It is so quiet you could hear my fork drop on the plate ever so lightly, that is, if I ever put it down. My waiter makes certain to place my Erdäpfel-Vogerlsalat, a vinegary potato salad with lamb’s lettuce, down in such a manner that I wouldn’t ever have to give my fork a rest. My dining companion tells me this is customary in Germany and Austria to place your fork in your left hand and your knife in your right at all times. Almost like dinner gloves, you wear these tools until the plate is clean. My plate tonight is a golden dream, a Viennese specialty, Wiener Schnitzel.
The traditional Wiener Schnitzel, by Austrian law no less, must be prepared with veal. Other schnitzel varieties exist including pork and chicken, but the real deal can only be veal. A veal cutlet is pounded thin and then breaded and fried until golden. Topped with a lemon wedge for squeezing over the schnitzel, this is Vienna’s dish, or so they say. The history of Wiener Schnitzel is somewhat debated. Some say it came from today’s northern Italy and became popular during the Habsburg’s rule. Others claim Vienna’s creation is merely the work of the first civilizations. Regardless, it’s all Wiener Schnitzel to me in Vienna.
The first time I tried schnitzel, I didn’t order it myself. I was young and naive, believing anything called “schnitzel” must be disgusting. My Dad ordered it in Germany and let me have a taste. That taste turned into cleaning his plate and a lifelong love affair with schnitzel. And being in the home of Wiener Schnitzel, literally translating Viennese schnitzel, I naturally had to try all types, from the overly touristy to the corner, quiet restaurant.
The Touristy and Trusted: Figlmüller
When you boast of having Vienna’s “most famous schnitzel”, you certainly don’t have much room to lie. I ventured out into the snow of Vienna for this iconic schnitzel. Began by Johann Figlmüller and in its fourth generation, this schnitzel homeland boasts its own version of schnitzel, Schnitzel á la Figlmüller. Claiming to be bigger, thinner and crispier than all of the other schnitzels in the land, it is no wonder you need a reservation four days in advance to get into the original cellar. Figlmüller still accommodates the overflow with another restaurant just around the corner, serving up much of the same, schnitzel included.
My schnitzel rating for this one was much higher than expected. As I heard the loud clamor of English and plenty of camera flashes and comments like, “Ohhh, schnitzel”, I wasn’t expecting much. When my grand, 34 centimeter in diameter schnitzel arrived, I could see why this was deemed one of the best in Vienna. Figlmüller uses the tenderloin for a better tasting schnitzel and less puffy texture when frying.

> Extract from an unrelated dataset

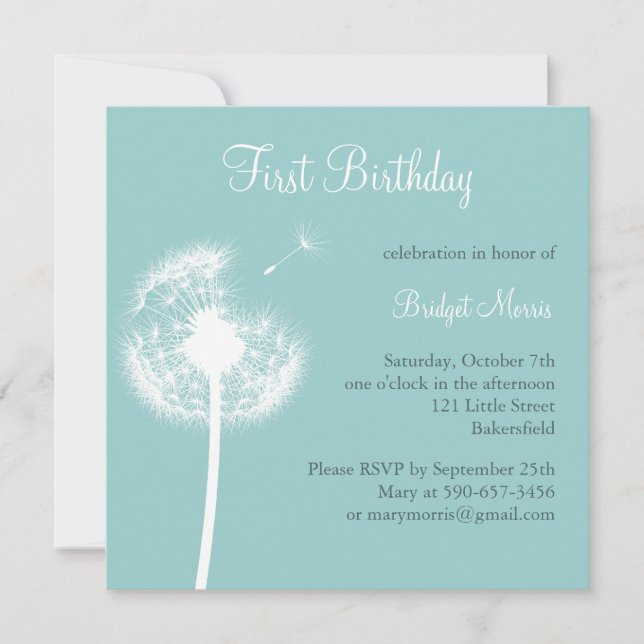 Meilleurs voeux ! Invitation d'anniversaire (turqu (Devant)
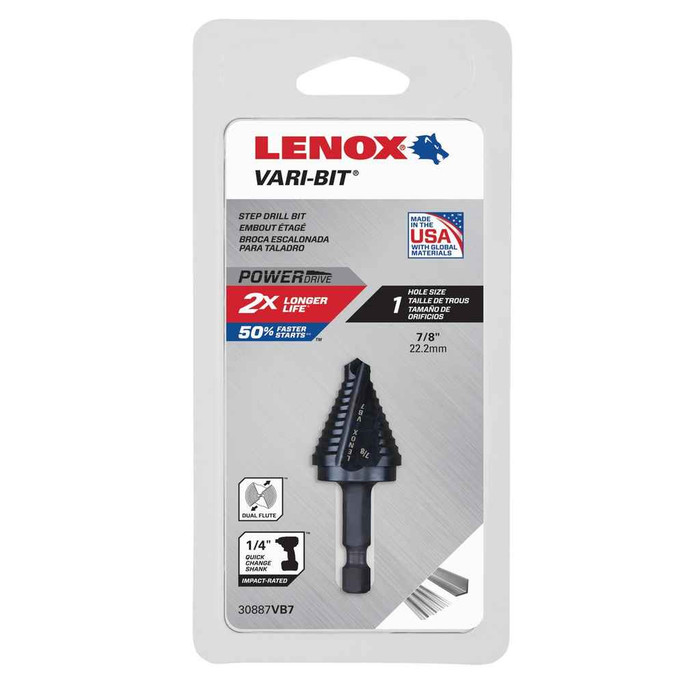 Lenox LENOX 30887-Vb7 Vari-Bit 7/8-Inch Step Drill Bit With 3/8-Inch Shank For 1/2 Inch Conduit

The Medieval Atmosphere: Zwölf Apostelkeller
While not known for its Wiener Schnitzel, the next night I went underground for my schnitzel search to Zwölf Apostelkeller, otherwise the Twelve Apostle’s Cellar. Mentioned in city documents in 1339 but with stonework from 1100, the schnitzel here was much more puffy and greasy than Figlmüller.
However it was the setting, the medieval cellar and green candles dripping that made the meal taste truly from an original Viennese kitchen. Tavern musicians circle the tables only furthering the tone. I might have come to Zwölf Apostelkeller for the schnitzel, but it was the atmosphere that seemed to make the meal.
The Corner, Quiet Restaurant: Restauration Zur Goldenen Glocke
Tired and freezing cold, I stumbled upon Restauration Zur Goldenen Glocke merely by accident. It was the closest place to my hotel with Wiener Schnitzel on the menu. With no diners in sight, I sat down to that deafening silence complimented only by the quiet German of a waiter in a complete tux.
Since 1886 in Vienna, the restaurant focuses on comprising dishes with ingredients from local suppliers and farmers. Zur Goldenen Glocke serves classic Viennese cuisine, including Wiener Schnitzel. It was the sort of place where the chef comes out to peek over your table so subtly, just to make sure you are enjoying your meal. The quality of veal was apparent, along with the breading. Not greasy or overly puffy, this Wiener Schnitzel and its atmosphere were just right.
If you find yourself in Vienna, I encourage you to try these options and any others you may find. However, after such careful research, I would have to say it was the corner restaurant, the one I didn’t know or plan on that served up the best Wiener Schnitzel, from atmosphere to taste. In search of schnitzel in Vienna, it’s a tough job but someone has to do it.
Have you tried Wiener Schnitzel in Vienna?